Additionally, at the earlier time point of differentiation, the active axons were longer, as represented by the length from the initiation site, which was significantly increased (Figure 8F). Overall, this data demonstrated that bMPS containing microglia were more active (based on both active area and burst metrics), which is consistent with the calcium flux data. Future studies will help to elucidate the mechanisms through which microglia contribute to earlier network activity and maturity.

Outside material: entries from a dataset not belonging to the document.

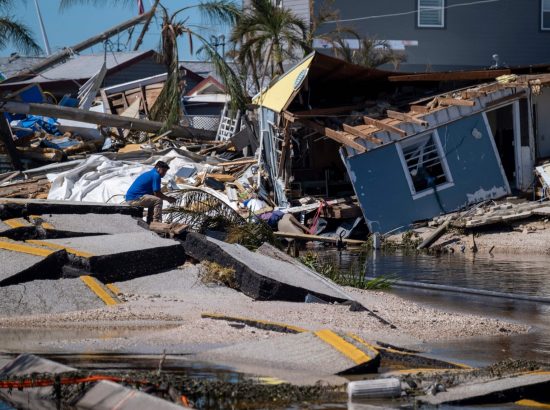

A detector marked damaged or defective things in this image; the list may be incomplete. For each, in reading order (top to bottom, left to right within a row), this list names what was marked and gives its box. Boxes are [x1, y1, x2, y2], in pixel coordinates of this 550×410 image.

bent utility pole [11, 9, 154, 81]
broken window frame [420, 0, 446, 27]
bent utility pole [0, 100, 217, 141]
broken window frame [398, 131, 454, 199]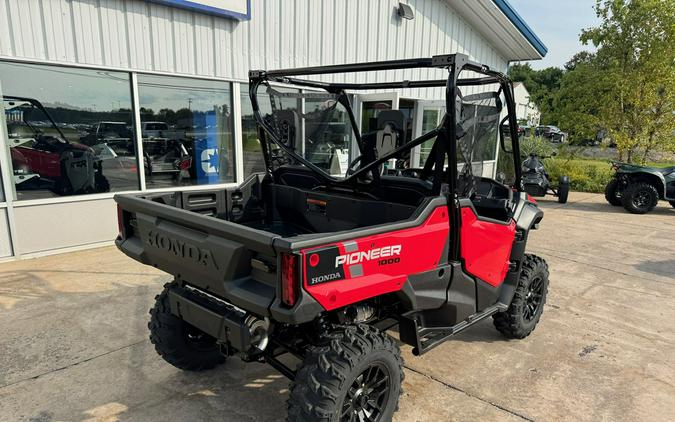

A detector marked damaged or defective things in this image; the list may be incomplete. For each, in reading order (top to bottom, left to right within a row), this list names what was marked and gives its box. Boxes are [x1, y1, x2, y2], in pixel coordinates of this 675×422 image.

crack in pavement [0, 338, 147, 390]
crack in pavement [404, 364, 536, 420]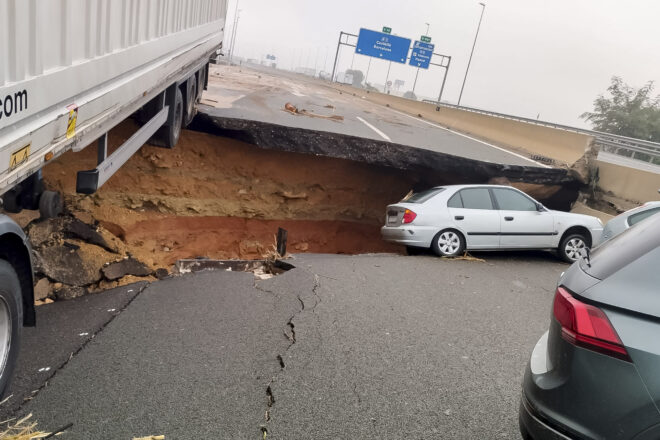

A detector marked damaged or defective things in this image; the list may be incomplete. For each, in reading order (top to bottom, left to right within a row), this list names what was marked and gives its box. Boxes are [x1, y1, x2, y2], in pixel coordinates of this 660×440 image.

cracked asphalt [10, 253, 564, 438]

To confirm that microglia in μbMPS^96-6 can respond to their environment, we challenged them with a Traumatic Brain Injury (TBI) model. The TBI protocol was modified from a previously published protocol (Ortega-Villa et al., 2021), where it is characterized as a sustained compression injury of moderate severity. Here, the absence of surrounding hydrogel results in a larger force; therefore, we consider this a severe compression injury. A total of 32 μbMPS^96-6 were randomly selected from the same pool; 16 were challenged with TBI via centrifugation, while the other 16 were not centrifuged. Samples were collected before any manipulation and after 4 and 24 h post-centrifugation. Although no significant changes in microglia morphology were observed, TBI-treated μbMPS^96-6 exhibited a statistically significant accumulation of microglia on the surface of the organoid z-stack, indicating that microglia traversed to the outer layers of the bMPS to respond to surface neuronal injury (Figures 9A,B).

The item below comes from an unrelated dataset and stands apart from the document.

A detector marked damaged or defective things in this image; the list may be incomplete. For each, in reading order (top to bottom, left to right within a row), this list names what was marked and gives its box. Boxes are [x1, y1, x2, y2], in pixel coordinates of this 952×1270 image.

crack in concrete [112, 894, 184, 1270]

Next, to verify whether microglia in μbMPS^96-6 are capable of phagocytosis, we exposed the cultures to 1 mg/mL pHrodo Red E. coli particles for 3 h. Z-stacks were obtained of the whole cell (including projections) to confirm that the bioparticles were internalized within the 3D structure of the cell body, rather than in front of or behind the cell. Bioparticles within the microglia appear smaller than surrounding particles, likely representing partial digestion, and colocalize with CD68 labeling of the lysosome or endosome (Figure 9C). While we would expect E. coli bioparticles to be phagocytosed rather than internalized during endocytosis, CD68 also labels endosomes. To ensure that pHrodo Red bioparticles are truly internalized into lysosomal compartments, it may be beneficial to label cells with Lysotracker or lysosome-specific proteins such as LAMP1/2.

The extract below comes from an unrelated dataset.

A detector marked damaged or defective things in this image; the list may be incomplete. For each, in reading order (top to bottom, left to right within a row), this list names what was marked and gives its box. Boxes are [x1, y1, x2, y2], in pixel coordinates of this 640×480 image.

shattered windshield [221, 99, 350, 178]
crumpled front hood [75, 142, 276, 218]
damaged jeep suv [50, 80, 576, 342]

Finally, we measured secreted cytokines and chemokines (Supplementary Table S3) in 8-week-old bMPS^96-6 and μbMPS^96-6 following exposure to lipopolysaccharide, a component of the cell wall of E. coli bacteria (Figure 10A), and TNFα cytokine (Figure 10B). We identified a statistically significant increase in two microglia-specific cytokines, MIP-1α and MIP-1β, only in μbMPS^96-6; the cytokine flux was absent in non-microglia-containing bMPS (bMPS^96-6). Low concentrations measured can reflect the low number of microglia (2.5%) per bMPS and low number of bMPS in a large volume of media (2 mL) to allow for standard maintenance on gyratory shaking in a 6-well plate during exposure. In addition, presence of trace endotoxin in bMPS differentiation medium can attenuate the response to LPS challenges. Subsequent studies will control and eliminate endotoxin from differentiation media to mitigate this effect.